* **WHAT NEEDS TO BE DONE**
From the line containing "Photographie n°2205833 du" to the last line of the data, both included, transcribe each line exactly, leaving out pictures and adding nothing.

* **RECORD EXTRACTS**
--- --- ---

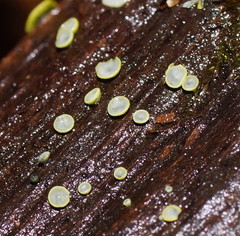 Chlorosplenium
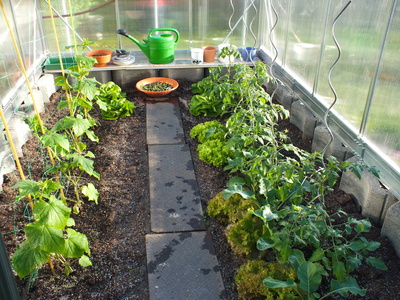 Wie Kann Das Gewachshaus Im Winter Genutzt Werden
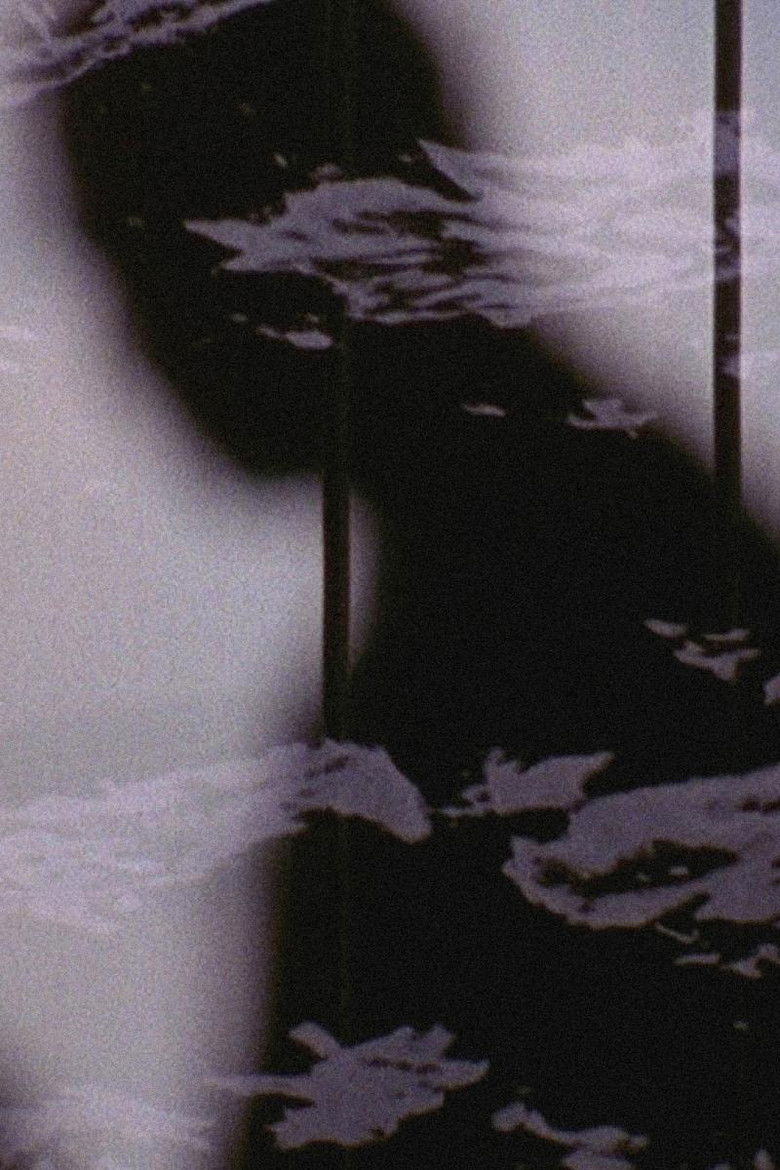 Imatge de The Liquid Casket / Wilderness of Mirrors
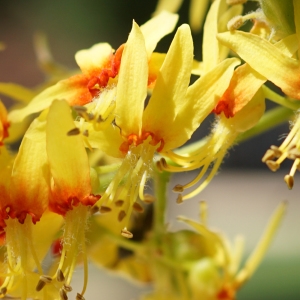 Photographie n°2205833 du taxon Koelreuteria paniculata Laxm. [1772]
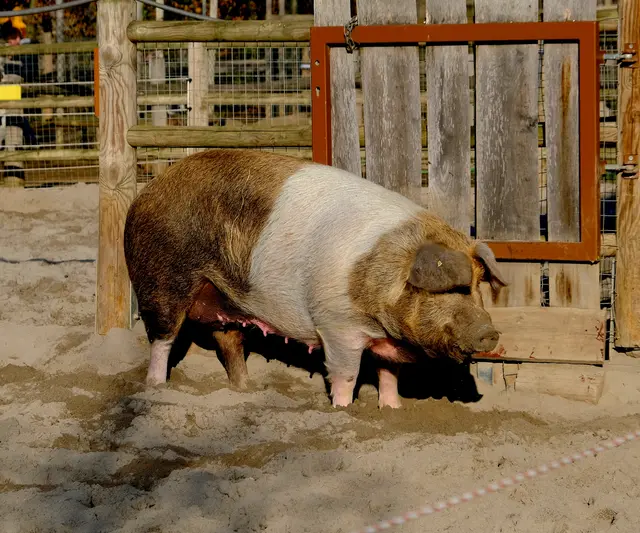 Foto: Eduard Warenik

--- --- ---

* **WRITTEN SOLUTION**
 Photographie n°2205833 du taxon Koelreuteria paniculata Laxm. [1772]
 Foto: Eduard Warenik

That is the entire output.